蕭旭倒是突然想起來了,胭脂之前說過她的家人都被土匪害了命。
現在只剩下她孤身一人了。
“你知不知道,你受了很嚴重的傷,活不長了。”
一旁的留下偷聽的張德意忍不住咬牙,這蕭大人到底會不會說話啊,直接上來就說人家活不長了。
這姑娘不會當場氣死吧,牙疼啊牙疼。
胭脂蒼白的臉上帶著溫柔的笑意,寫下一行字,“我知道,能看著大人平安無事,我沒什么好后悔的。”
剛寫完臉上就露出了痛苦的表情。
一旁的大夫開口,“姑娘,你傷的太嚴重還是別再寫字了,你的傷在左肩,一動就會牽扯到傷口,會更疼的。”
“你好好休息吧,我會找人來照顧你。”
蕭旭起身離開,張德意急忙跟了出去。
到了院子里,張德意就嘖嘖出聲,“好一個癡情女子,可惜了,就是不會說話,聽剛才那大夫說要是好好治的話,應該有說話的希望的。”
兩次救命之恩啊?這么大的恩情,該咋還啊!
換了他就把人娶回去,下半輩子好好照顧著。
不過蕭大人已經成親了,看樣子是不可能了。
要是人家姑娘愿意當妾室也行。
哎呀,他怎么就遇不上這么癡心一片,但愿和他同生共死的女子,那些個瘦馬都不是真心的。
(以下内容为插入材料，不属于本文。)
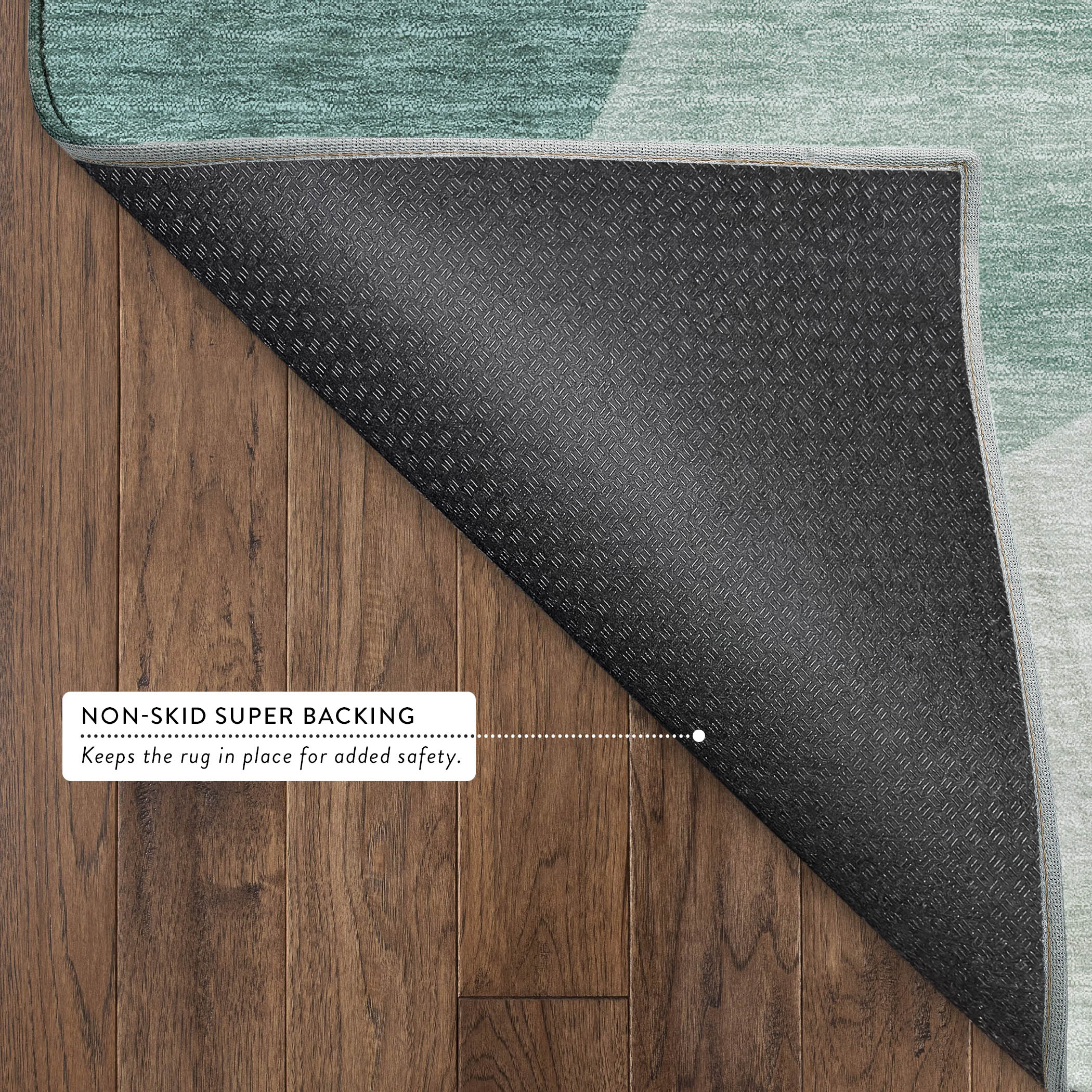 Baku Machine Washable Transitional Teal Rug 1'8" x 2'6" #shape_Rectangle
蕭旭剛才詢問了胭脂的病情,要用上好的藥養著,而且嗓子也是后天毀了的,并不是先天啞巴,還是有機會治愈的。
蕭旭皺眉,“廢話那么多,收尾了,該回去復命了。”
張德意見蕭旭還是一副冷著臉的表情,腦子里只想著怎么干活,敬佩也如同滔滔江水。
如此癡心絕情蕭大人都不為所動,怪不得用兵如神,如此睿智。
這就是所謂的心中無女人,拔刀自然神嗎?
蕭旭懶得跟這人說話,直接扭頭走了。
房間里,蕭旭專門讓曲老爺找來的侍女進來照顧胭脂了。
侍女一進門就見胭脂呆呆地看著門口,眼睛亮了一下,又帶上了失望。
“胭脂姑娘,奴婢翠兒,是大人專門派來伺候你的,你有什么需求都可以寫完紙上吩咐奴婢去做。”丫鬟翠兒對著胭脂行禮。
這回是個識字的侍女。
胭脂沖她笑了笑,搖了搖頭表示自己什么都不要。
翠兒打了水給胭脂凈面,語氣有些感嘆,“姑娘,聽聞你之前就救過蕭大人,你可真是太勇敢了,居然敢上去擋刀,要是換了一般人嚇都要嚇死了,你就不怕嗎?”
“為了他,我就是丟了性命也愿意。”胭脂寫完這句話,臉上帶了幾分嬌羞。
然后又寫下了另外一句話,“蕭大人是不是很忙?”
上次她昏迷著一睜眼就看見了蕭大人,這次卻沒有,讓她不由得很失望。
“是啊,蕭大人忙著剿匪。哎,姑娘你快喝藥吧。”
翠兒伺候胭脂喝藥,又問了好多話。
胭脂有的會寫,有的就只會搖頭。
等人睡下之后,翠兒端著藥碗出來了。
躲在暗處的暗六將翠兒拉到了僻靜地方。
“怎么樣,打聽出什么沒有?”
翠兒低聲道:“這位胭脂姑娘好像對蕭大人情根深種,說起蕭大人眼底都泛著光,其它的奴婢沒問出什么來。”